Bandele was born to Yoruba parents in Kafanchan, Kaduna State, Nigeria in 1967. His father Solomon Bamidele Thomas was a veteran of the Burma Campaign in World War II, while Nigeria was still part of the British Empire. Bandele spent the first 18 years of his life in the northern part of the country being most at home in the Hausa cultural tradition. Described as a precocious child, Bandele had early ambitions to be a writer and when he was 14 years old won a short-story competition. Later on, he moved to Lagos, then in 1987 studied drama at the Obafemi Awolowo University, Ile-Ife. He won the International Student Playscript competition of 1989 with an unpublished play, Rain, before claiming the 1990 British Council Lagos Award for an unpublished collection of poems. When that year, aged 22, he went to London, invited to a theatre festival, he had with him the manuscripts of two novels he had written. Soon after he arrived in the UK he had found a publisher and been given a commission by the Royal Court Theatre.
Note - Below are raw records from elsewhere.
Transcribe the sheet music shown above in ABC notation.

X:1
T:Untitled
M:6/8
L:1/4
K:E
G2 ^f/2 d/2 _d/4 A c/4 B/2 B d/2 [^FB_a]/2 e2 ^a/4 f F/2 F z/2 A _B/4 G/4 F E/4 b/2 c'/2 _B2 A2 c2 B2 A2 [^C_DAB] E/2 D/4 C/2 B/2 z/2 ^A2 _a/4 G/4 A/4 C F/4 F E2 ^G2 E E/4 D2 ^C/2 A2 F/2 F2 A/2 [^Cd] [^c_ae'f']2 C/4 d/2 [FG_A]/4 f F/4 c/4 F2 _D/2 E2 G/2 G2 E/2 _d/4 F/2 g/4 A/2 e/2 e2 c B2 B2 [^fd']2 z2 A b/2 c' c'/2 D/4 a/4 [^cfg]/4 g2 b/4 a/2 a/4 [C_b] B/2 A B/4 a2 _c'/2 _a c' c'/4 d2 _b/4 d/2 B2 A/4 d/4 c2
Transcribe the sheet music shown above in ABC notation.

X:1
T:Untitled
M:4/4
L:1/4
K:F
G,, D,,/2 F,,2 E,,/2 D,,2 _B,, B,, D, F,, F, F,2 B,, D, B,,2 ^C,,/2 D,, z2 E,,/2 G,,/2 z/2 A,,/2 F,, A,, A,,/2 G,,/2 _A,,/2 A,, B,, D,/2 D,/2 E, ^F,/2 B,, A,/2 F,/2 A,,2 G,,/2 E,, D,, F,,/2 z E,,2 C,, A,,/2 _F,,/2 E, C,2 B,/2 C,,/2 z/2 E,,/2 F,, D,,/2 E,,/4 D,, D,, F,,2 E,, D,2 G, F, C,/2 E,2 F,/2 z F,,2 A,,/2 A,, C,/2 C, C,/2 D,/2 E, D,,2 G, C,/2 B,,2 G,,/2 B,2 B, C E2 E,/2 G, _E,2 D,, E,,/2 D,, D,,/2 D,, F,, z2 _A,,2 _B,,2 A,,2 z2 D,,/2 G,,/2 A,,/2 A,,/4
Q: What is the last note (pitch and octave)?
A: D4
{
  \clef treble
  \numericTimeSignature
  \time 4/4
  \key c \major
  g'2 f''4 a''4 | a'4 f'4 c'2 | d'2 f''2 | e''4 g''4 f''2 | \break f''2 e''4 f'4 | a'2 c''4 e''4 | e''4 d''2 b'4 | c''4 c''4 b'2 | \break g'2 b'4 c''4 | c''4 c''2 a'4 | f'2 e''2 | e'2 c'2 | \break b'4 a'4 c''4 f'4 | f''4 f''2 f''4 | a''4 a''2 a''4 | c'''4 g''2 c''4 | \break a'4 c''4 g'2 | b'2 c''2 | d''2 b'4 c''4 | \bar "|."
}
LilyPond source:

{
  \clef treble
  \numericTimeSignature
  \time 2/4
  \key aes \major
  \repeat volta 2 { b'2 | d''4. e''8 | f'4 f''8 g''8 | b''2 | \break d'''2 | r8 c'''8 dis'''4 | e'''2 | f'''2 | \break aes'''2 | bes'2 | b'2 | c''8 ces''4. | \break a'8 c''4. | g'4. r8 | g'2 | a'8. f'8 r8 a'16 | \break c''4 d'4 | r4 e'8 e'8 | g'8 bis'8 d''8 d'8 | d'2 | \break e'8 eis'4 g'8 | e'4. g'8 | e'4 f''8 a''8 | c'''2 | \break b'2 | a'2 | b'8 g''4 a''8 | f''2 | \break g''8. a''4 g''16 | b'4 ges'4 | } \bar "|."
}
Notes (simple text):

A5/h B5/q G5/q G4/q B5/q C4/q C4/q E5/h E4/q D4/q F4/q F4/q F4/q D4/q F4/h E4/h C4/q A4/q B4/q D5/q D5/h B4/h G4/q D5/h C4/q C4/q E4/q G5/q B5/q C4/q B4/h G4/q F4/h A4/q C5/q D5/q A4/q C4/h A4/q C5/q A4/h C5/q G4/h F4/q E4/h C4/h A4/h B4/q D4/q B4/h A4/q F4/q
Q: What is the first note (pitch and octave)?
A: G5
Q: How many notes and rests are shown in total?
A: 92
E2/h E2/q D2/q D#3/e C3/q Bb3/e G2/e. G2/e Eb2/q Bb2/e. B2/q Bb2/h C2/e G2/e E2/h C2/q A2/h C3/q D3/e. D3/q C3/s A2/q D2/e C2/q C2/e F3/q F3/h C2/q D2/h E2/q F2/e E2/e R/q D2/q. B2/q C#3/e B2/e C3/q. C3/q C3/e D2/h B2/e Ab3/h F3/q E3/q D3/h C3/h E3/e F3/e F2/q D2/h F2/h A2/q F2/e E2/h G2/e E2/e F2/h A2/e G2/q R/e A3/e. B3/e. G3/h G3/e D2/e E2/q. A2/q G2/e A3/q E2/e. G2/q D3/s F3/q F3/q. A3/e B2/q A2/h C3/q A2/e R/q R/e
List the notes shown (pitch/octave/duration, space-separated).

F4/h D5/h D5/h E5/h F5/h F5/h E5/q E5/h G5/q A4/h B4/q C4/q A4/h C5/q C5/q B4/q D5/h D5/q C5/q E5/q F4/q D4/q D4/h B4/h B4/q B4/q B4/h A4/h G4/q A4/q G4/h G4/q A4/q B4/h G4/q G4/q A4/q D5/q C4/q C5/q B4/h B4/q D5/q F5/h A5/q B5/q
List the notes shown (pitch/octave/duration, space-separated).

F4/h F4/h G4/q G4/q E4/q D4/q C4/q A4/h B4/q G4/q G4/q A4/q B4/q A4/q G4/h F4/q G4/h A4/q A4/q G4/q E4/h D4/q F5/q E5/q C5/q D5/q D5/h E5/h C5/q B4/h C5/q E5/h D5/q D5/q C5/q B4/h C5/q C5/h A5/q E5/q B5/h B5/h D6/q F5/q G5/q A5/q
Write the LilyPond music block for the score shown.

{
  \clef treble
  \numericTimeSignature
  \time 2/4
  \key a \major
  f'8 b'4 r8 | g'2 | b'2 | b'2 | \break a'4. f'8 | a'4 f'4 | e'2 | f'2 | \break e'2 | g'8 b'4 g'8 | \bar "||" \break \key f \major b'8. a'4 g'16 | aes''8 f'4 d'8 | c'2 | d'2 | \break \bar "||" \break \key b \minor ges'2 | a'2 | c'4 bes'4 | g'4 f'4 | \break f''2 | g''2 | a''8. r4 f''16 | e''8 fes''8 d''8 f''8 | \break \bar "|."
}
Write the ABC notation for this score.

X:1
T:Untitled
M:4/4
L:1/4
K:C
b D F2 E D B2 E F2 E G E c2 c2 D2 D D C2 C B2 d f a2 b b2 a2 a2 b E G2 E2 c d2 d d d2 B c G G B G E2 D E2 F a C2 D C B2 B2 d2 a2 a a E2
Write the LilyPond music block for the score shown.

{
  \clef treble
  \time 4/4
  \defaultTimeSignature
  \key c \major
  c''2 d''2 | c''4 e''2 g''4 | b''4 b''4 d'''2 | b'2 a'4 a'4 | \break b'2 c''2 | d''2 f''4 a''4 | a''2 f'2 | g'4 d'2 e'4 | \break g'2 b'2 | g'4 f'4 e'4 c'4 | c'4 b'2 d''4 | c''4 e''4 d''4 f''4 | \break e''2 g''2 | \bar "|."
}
As a playwright, Bandele has worked for the stage with the Royal Court Theatre, the Royal Shakespeare Company and elsewhere, as well as writing radio drama and screenplays for television. His plays include: Rain; Marching for Fausa (1993); Resurrections in the Season of the Longest Drought (1994); Two Horsemen (1994), selected as Best New Play at the 1994 London New Plays Festival; Death Catches the Hunter and Me and the Boys (published in one volume, 1995); and Oroonoko, an adaptation of Aphra Behn's 17th-century novel of the same name. In 1997 he did a successful dramatization of Chinua Achebe's Things Fall Apart.Brixton Stories, Bandele's stage adaptation of his own novel The Street (1999), premiered in 2001 and was published in one volume with his play Happy Birthday Mister Deka, which premiered in 1999. He also adapted Lorca's Yerma in 2001.